## Records contained in a dataset:
********************

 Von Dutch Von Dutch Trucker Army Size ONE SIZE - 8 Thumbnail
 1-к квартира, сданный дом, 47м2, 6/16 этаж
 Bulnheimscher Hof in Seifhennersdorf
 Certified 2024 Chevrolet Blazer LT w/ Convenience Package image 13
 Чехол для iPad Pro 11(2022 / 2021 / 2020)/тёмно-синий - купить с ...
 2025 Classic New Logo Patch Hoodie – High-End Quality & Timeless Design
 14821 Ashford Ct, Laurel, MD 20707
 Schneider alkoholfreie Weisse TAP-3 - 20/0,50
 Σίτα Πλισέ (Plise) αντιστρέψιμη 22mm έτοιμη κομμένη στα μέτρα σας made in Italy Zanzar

********************

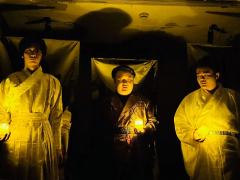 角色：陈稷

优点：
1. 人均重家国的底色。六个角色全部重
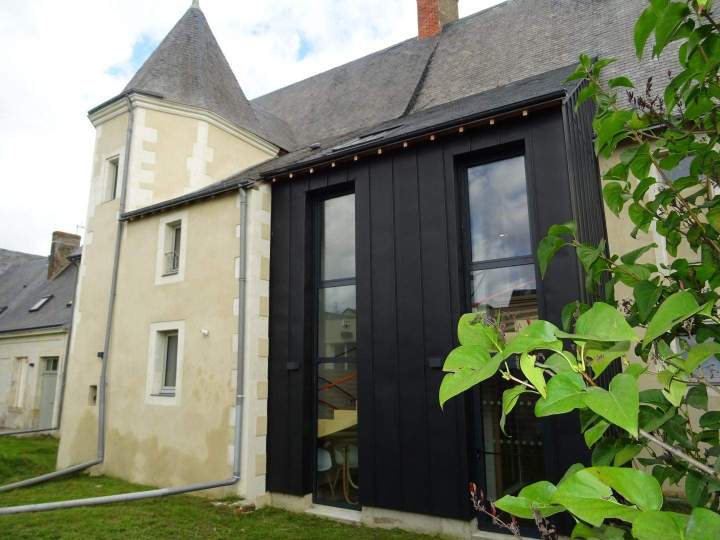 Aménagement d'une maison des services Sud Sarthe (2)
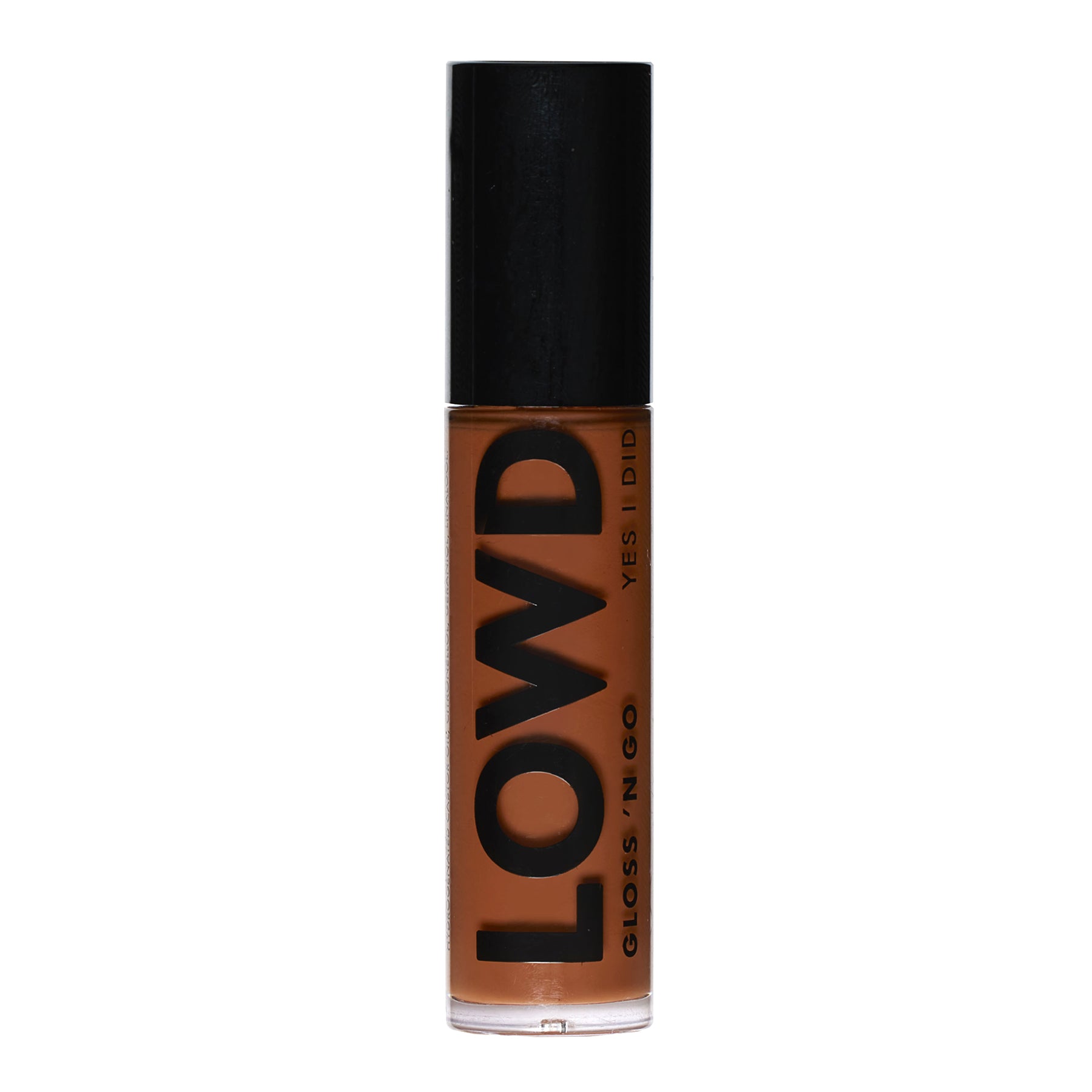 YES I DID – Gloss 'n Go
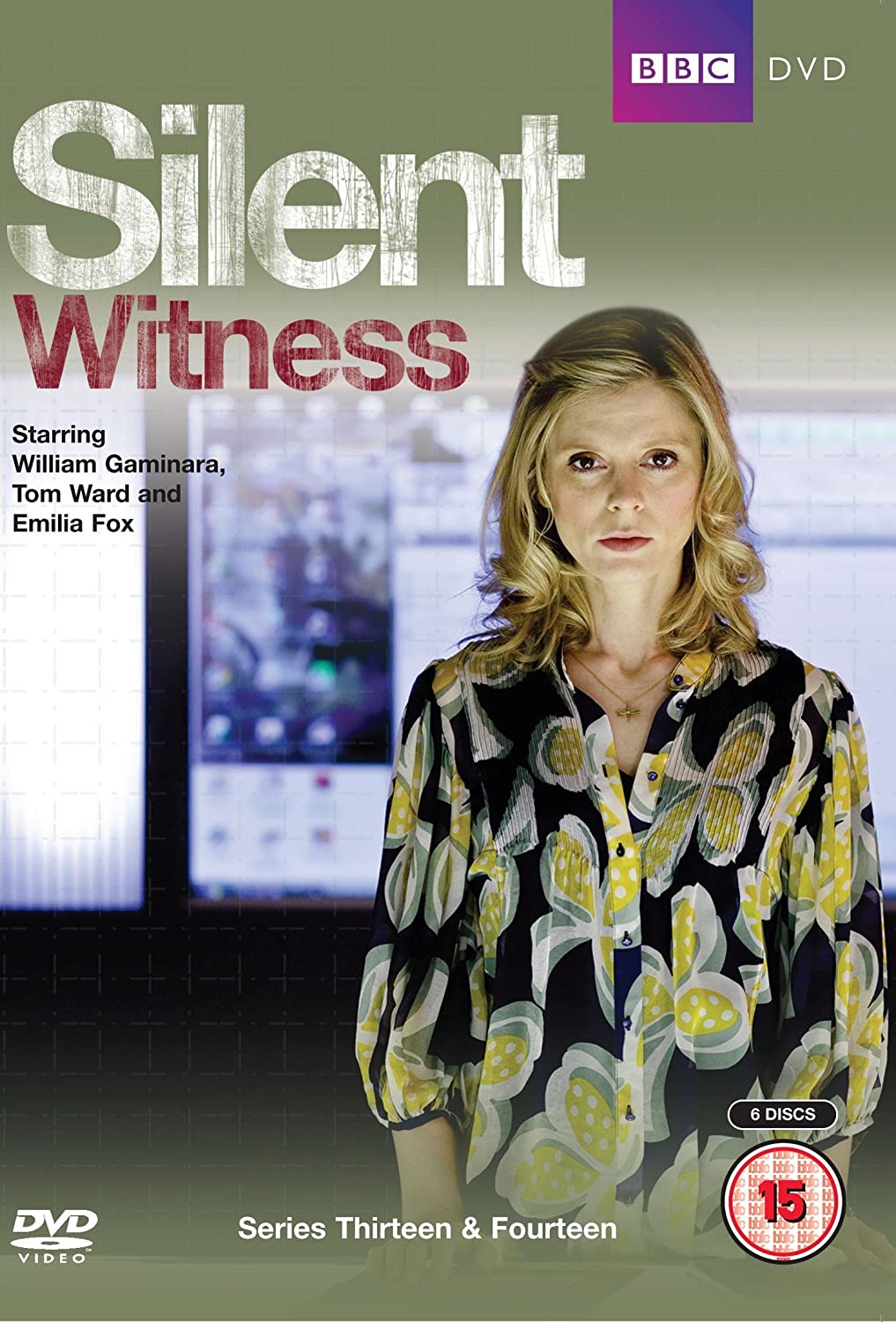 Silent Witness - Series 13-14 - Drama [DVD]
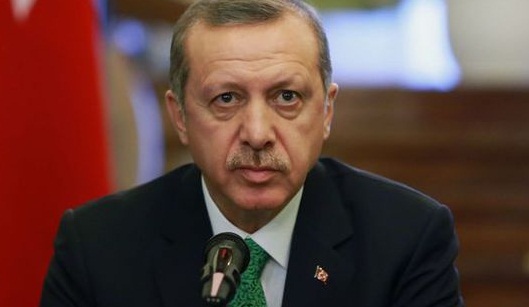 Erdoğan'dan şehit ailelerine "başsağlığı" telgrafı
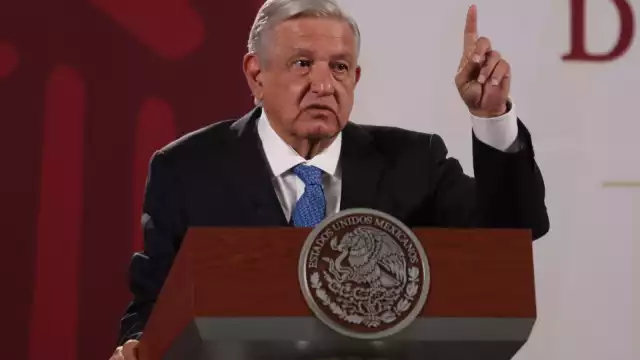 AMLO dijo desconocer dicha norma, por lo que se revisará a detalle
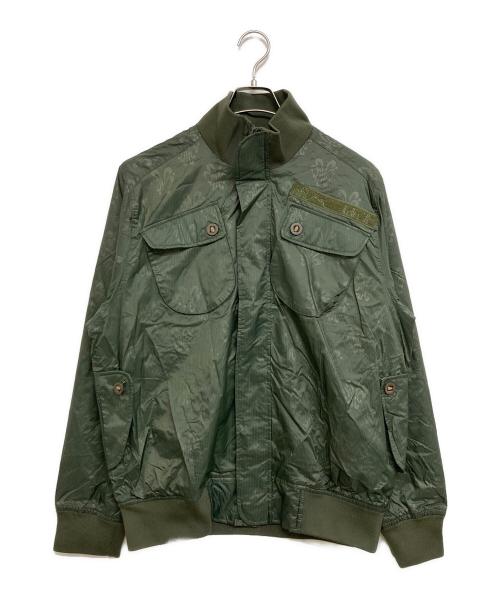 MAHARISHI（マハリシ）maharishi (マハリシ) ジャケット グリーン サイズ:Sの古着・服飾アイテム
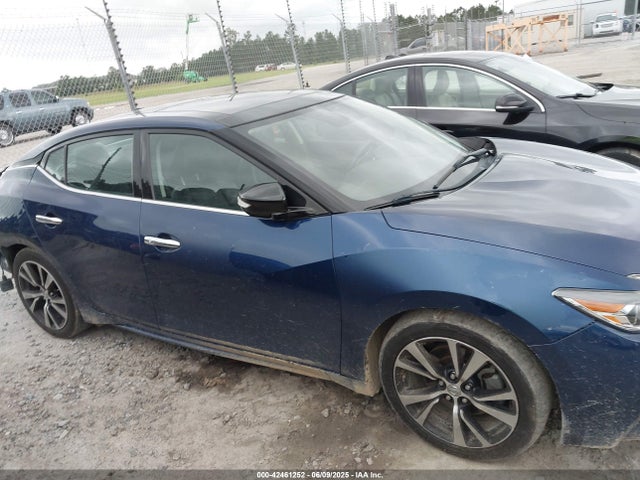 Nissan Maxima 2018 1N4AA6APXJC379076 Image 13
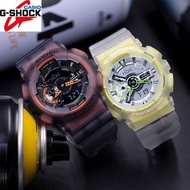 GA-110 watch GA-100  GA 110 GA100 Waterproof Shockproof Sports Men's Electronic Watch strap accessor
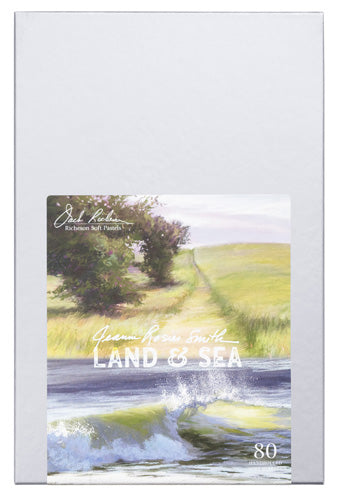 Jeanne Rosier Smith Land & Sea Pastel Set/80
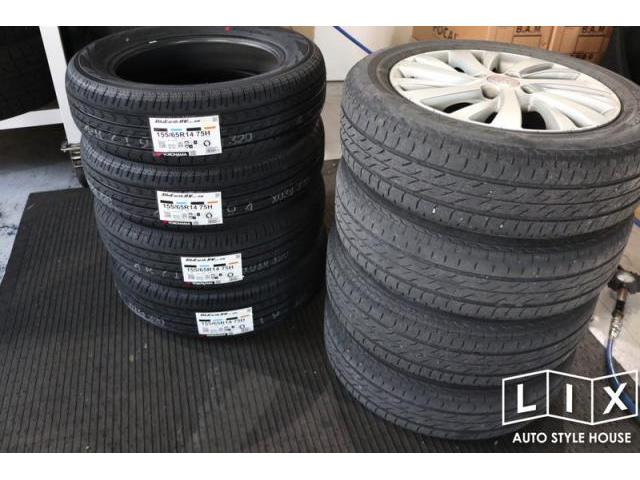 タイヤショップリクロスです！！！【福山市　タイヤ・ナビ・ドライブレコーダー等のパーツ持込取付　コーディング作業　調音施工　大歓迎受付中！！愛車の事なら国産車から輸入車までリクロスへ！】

********************

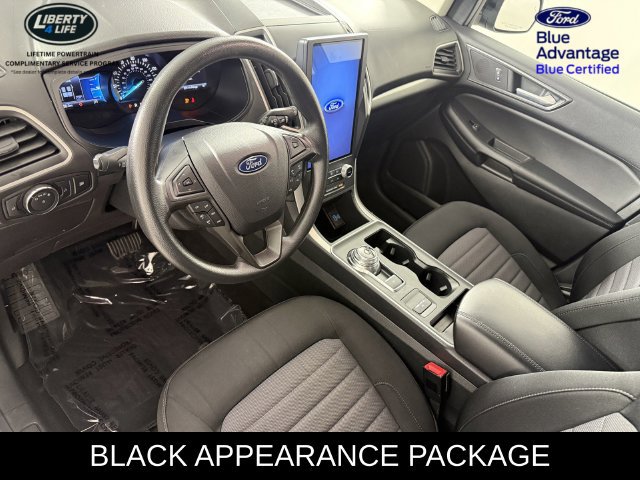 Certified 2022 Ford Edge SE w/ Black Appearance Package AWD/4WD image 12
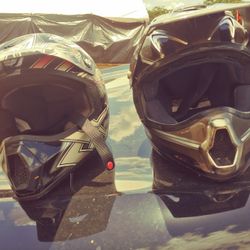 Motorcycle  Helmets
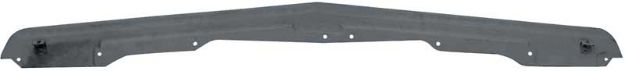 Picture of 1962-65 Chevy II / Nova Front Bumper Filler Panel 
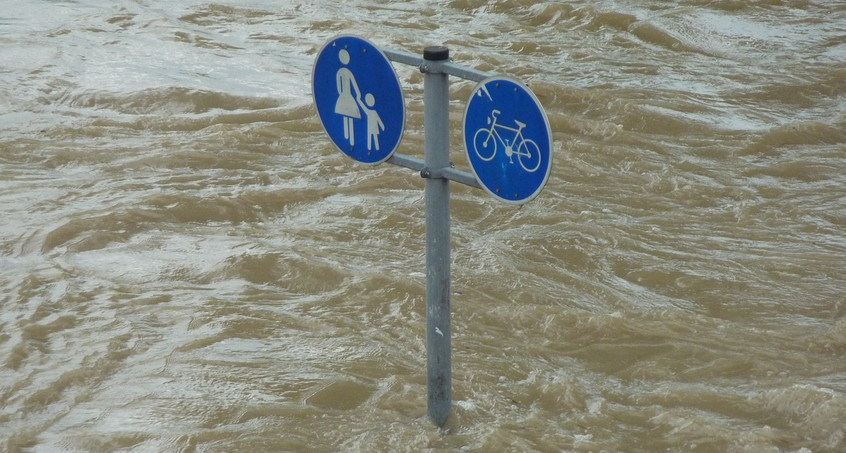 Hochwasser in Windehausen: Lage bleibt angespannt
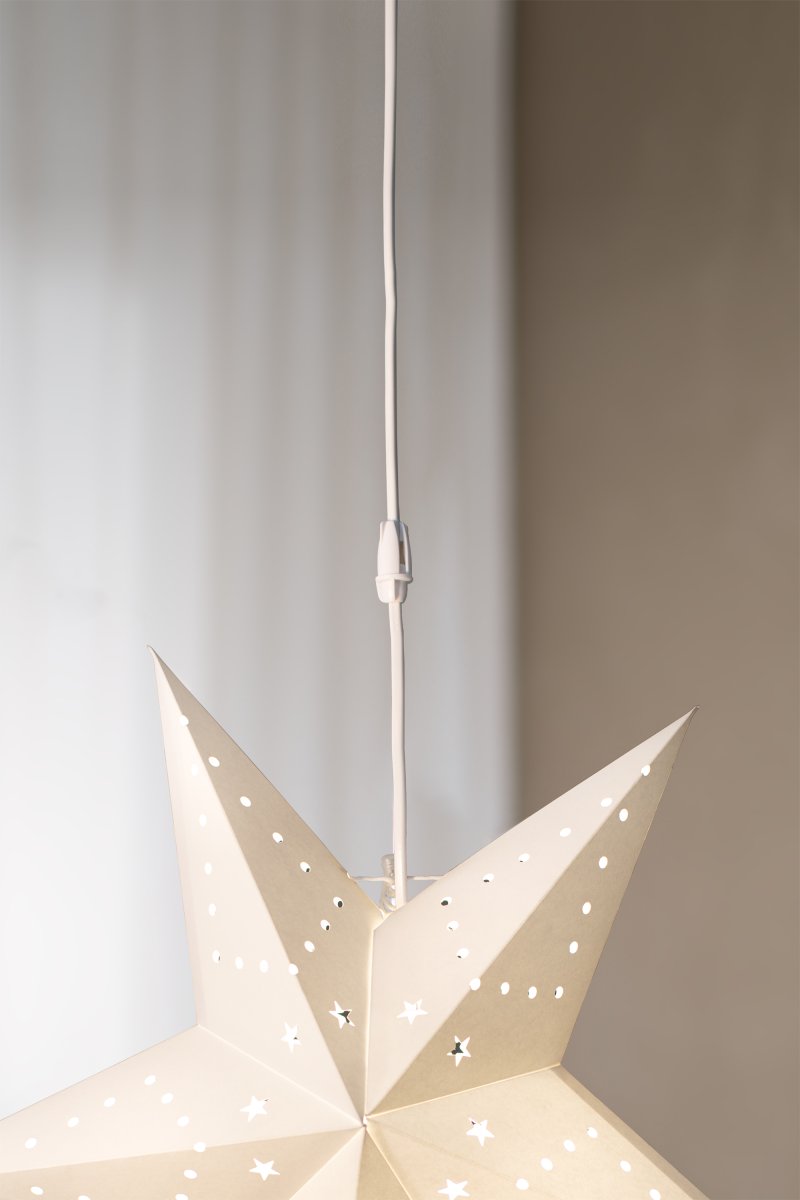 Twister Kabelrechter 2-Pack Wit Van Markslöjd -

********************

When you reach the line containing "Von Dutch Von" in the data above, start copying exactly, and stop after the line containing "Schneider alkoholfreie Weisse".

 Von Dutch Von Dutch Trucker Army Size ONE SIZE - 8 Thumbnail
 1-к квартира, сданный дом, 47м2, 6/16 этаж
 Bulnheimscher Hof in Seifhennersdorf
 Certified 2024 Chevrolet Blazer LT w/ Convenience Package image 13
 Чехол для iPad Pro 11(2022 / 2021 / 2020)/тёмно-синий - купить с ...
 2025 Classic New Logo Patch Hoodie – High-End Quality & Timeless Design
 14821 Ashford Ct, Laurel, MD 20707
 Schneider alkoholfreie Weisse TAP-3 - 20/0,50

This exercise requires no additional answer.